900 documents, 37 projets, 48 heures : un red flag report avant les autres
Comment un IPP a passé en revue une dataroom solaire brownfield de façon exhaustive et déposé son offre indicative en premier, face à des concurrents en avance.
Ce qui s'est passé
Un IPP renouvelable visait un portefeuille brownfield de 37 projets solaires, environ 120 kWc chacun, avec 900 documents en dataroom et plusieurs candidats déjà quatre semaines en avance. L'équipe a produit un red flag report complet sur les axes juridique, assurance et technique en 48 heures, et déposé son offre indicative en premier.
Pourquoi l'approche habituelle ne tient pas
Neuf cents documents, ce n'est pas quatre-vingt-dix en plus grand. La dataroom couvrait une cinquantaine de typologies distinctes : permis de construire, actes fonciers, contrats de raccordement, polices d'assurance, études techniques. Chaque typologie exige sa propre grille d'analyse, entre dix et trente questions spécifiques, pour faire remonter red flags, incohérences et manques. Les lire toutes à la main dans la fenêtre de bid n'est pas un effort, c'est une arithmétique qui ne tombe pas juste.
La réponse habituelle est l'échantillonnage : examiner 100 à 200 documents et extrapoler. C'est ainsi qu'un red flag survit jusque dans l'offre. Et la NBO n'est pas qu'un prix : elle demande des scénarios de valorisation pilotés par le prix merchant, la production P50 et P90 et l'Euribor 3 mois, soit plusieurs jours supplémentaires d'analyste senior.
Ce que nous avons fait
Classé la dataroom. Chaque document a été automatiquement rattaché à une typologie : permis de construire, contrat O&M, police de responsabilité civile, étude géotechnique et le reste.
Appliqué une bibliothèque de prompts par typologie. Dix à trente prompts spécifiques au type tournent automatiquement par typologie pour extraire l'information critique et recouper les données entre documents.
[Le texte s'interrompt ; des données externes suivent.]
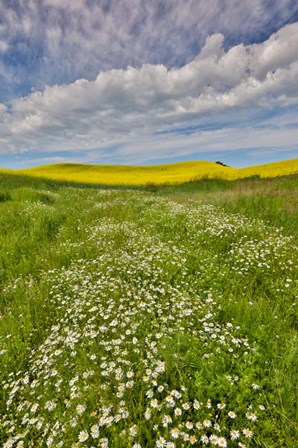 Large Field Of Canola On The Washington State And Idaho Border Near Estes, Idaho by Darrell Gulin / Danita Delimont art print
Les tâches étaient suivies dans Monday.com, les analyses tournaient sur Nepsis via plusieurs LLM, et tout était journalisé et auditable.
Alimenté directement le red flag report, structuré par axe entre juridique, assurance et technique, consolidant risques identifiés, manques documentaires et points de vigilance prioritaires.
Mené le DCF en parallèle, avec sensibilités sur le prix merchant, la production et l'Euribor 3 mois, générant plusieurs hypothèses de prix pour la NBO.
Le résultat
| Avant | Avec Nepsis | |
|---|---|---|
| Délai du red flag report | Deux à trois semaines | 48 heures |
| Documents examinés par deal | 100 à 200, échantillonnés | 900, exhaustif |
| Délai de la NBO après dataroom | Cinq à sept jours | 24 heures |
| Deals analysables par an, équipe constante | Référence | Dix fois plus |
| Scénarios de valorisation DCF | Un, manuel | Multi-hypothèses, automatique |
| Risque de manquer un red flag | Élevé, fatigue documentaire | Faible, couverture systématique |
Sur ce portefeuille, nos concurrents avaient des semaines d'avance. Avec Nepsis nous avons livré un red flag report complet en 48 heures et déposé notre NBO en premier. Examiner 900 documents n'aurait jamais été possible en interne dans ce délai.
Directeur M&A, fonds d'investissement en énergies renouvelables
La vitesse est le titre. La couverture est ce qui change l'issue : aucun red flag ne passe à travers une grille d'analyse exhaustive, donc l'offre est plus juste, mieux argumentée, et déposée en premier.